MPs revive Brexit bill controversy as 'significant differences' remain in trade deal talks

7 December 2020, 19:34 | Updated: 7 December 2020, 22:14

Boris Johnson will travel to Brussels to continue the talks
Boris Johnson will travel to Brussels to continue the talks. Picture: PA

By Asher McShane

Boris Johnson will head to Brussels later this week for talks with EU leaders in a last-ditch effort to salvage a Brexit trade deal.

Hours after the Prime Minister and EC President Ursula Von der Leyen said 'significant issues' remain on trade, MPs voted to restore parts of a controversial Brexit bill that could override the Brexit divorce deal and break international law.

Only one of the contentious clauses was pushed to a vote, which was won by the Government by 357 votes to 268 - a majority of 89.

The Bill sets out the way trade within the UK will work once it is outside the EU's single market and customs union.

Read more: UK will be seen as a 'huge failure' if Brexit deal is not struck, warns Lord Ricketts

The Government said earlier today it would be prepared to remove or deactivate the clauses in the if solutions are agreed to during talks with the EU.

The Prime Minister and European Commission president Ursula von der Leyen spoke on the telephone on Monday evening, but failed to break the impasse agreeing only to ask their chief negotiators to prepare an overview of the "remaining differences".
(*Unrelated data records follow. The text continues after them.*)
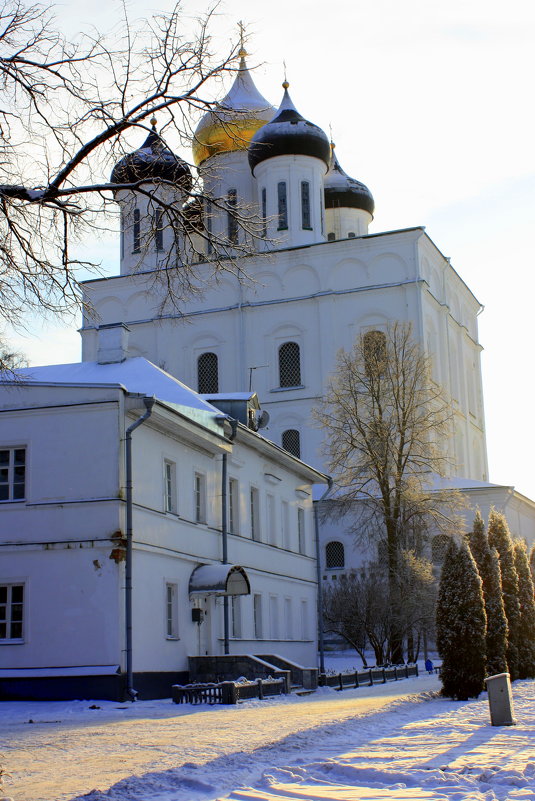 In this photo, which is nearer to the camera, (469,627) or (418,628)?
(469,627)

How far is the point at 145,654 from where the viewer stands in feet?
62.5

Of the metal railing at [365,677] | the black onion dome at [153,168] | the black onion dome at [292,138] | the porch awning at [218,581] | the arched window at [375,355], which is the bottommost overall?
the metal railing at [365,677]

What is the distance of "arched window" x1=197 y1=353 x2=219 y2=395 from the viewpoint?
47594 mm

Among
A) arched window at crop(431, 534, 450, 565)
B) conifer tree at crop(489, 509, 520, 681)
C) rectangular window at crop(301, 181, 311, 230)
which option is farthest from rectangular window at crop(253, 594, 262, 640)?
rectangular window at crop(301, 181, 311, 230)

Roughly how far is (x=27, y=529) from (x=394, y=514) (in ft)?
51.0

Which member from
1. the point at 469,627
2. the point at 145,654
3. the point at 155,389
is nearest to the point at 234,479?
the point at 155,389

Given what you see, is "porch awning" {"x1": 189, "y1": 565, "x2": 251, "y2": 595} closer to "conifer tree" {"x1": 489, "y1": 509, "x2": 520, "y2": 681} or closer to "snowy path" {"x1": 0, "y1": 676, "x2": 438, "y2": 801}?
"snowy path" {"x1": 0, "y1": 676, "x2": 438, "y2": 801}

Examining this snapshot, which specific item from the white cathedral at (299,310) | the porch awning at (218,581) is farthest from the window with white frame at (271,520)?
the white cathedral at (299,310)

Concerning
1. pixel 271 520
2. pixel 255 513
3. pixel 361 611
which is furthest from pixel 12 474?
pixel 361 611

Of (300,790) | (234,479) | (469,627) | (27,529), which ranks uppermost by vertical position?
(234,479)

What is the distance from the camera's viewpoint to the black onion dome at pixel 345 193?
55.9m

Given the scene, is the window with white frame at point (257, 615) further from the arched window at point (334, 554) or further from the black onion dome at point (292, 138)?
the black onion dome at point (292, 138)

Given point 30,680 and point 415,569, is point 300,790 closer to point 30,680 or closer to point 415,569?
point 30,680

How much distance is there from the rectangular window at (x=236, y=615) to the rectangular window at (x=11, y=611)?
6.05m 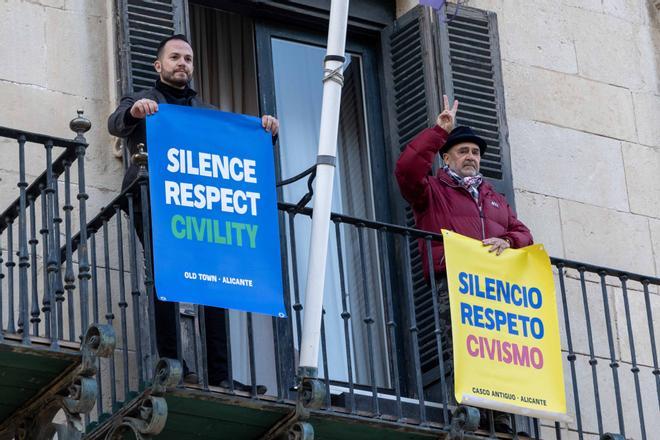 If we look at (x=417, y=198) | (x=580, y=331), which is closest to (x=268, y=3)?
(x=417, y=198)

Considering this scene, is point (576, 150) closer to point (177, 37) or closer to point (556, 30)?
point (556, 30)

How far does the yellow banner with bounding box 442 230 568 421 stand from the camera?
1084cm

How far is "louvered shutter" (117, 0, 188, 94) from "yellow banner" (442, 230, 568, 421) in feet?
5.89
The leaders will discuss them in person in a physical meeting in Brussels "in the coming days", they said in a joint statement."As agreed on Saturday, we took stock today of the ongoing negotiations," the statement said.

"We agreed that the conditions for finalising an agreement are not there, due to the remaining significant differences on three critical issues: level playing field, governance and fisheries.

"We asked our chief negotiators and their teams to prepare an overview of the remaining differences to be discussed in a physical meeting in Brussels in the coming days."

Their second call in a little over 48 hours came after Michel Barnier and his UK counterpart Lord Frost spent the day talking in Brussels.

The negotiators spent the last week talking in London, but failed to break the deadlock - with issues remaining on fishing, governance and the so-called level-playing field.

Downing Street said earlier on Monday that it was prepared to continue talks for "as long as we have time available", though admitted time was in "very short supply".

The comments appeared to be at odds with the EU's chief negotiator Mr Barnier, who reportedly told MEPs the deadline for talks succeeding is Wednesday.

The Prime Minister's spokesman told a Westminster briefing: "Time is obviously in very short supply and we're in the final stages, but we're prepared to negotiate for as long as we have time available if we think an agreement is still possible."

Meanwhile, Cabinet Office minister Michael Gove met his counterpart on the UK-EU joint committee in Brussels, though the discussions are separate from the trade negotiations.

But in an olive branch to Brussels, the Government said it was prepared to remove three controversial clauses from the UK Internal Market Bill relating to the Irish border.

In a statement, the Government said the UK and EU have "worked constructively together through the Withdrawal Agreement Joint Committee.

"Discussions continue to progress and final decisions are expected in the coming days. If the solutions being considered in those discussions are agreed, the UK Government would be prepared to remove clause 44 of the UK Internal Market Bill, concerning export declarations.

"The UK Government would also be prepared to deactivate clauses 45 and 47, concerning state aid, such that they could be used only when consistent with the United Kingdom's rights and obligations under international law."

If there is no deal by the end of the Brexit transition period at the end of the month, then Britain will leave the single market and the customs union and begin trading with the EU on World Trade Organisation terms, with the imposition of tariffs and quotas.

Before then it has to be ratified by both Houses of Parliament in the UK and the European Parliament as well as signed off by the EU leaders.

There had been hopes that could happen at a two-day summit in the Belgian capital starting on Thursday - their final scheduled gathering of the year - but the timetable is looking increasingly tight.

France has publicly warned that it will veto any deal if it is unhappy with the terms, amid signs President Emmanuel Macron is anxious that Mr Barnier is preparing to give too much ground in his determination to get a deal.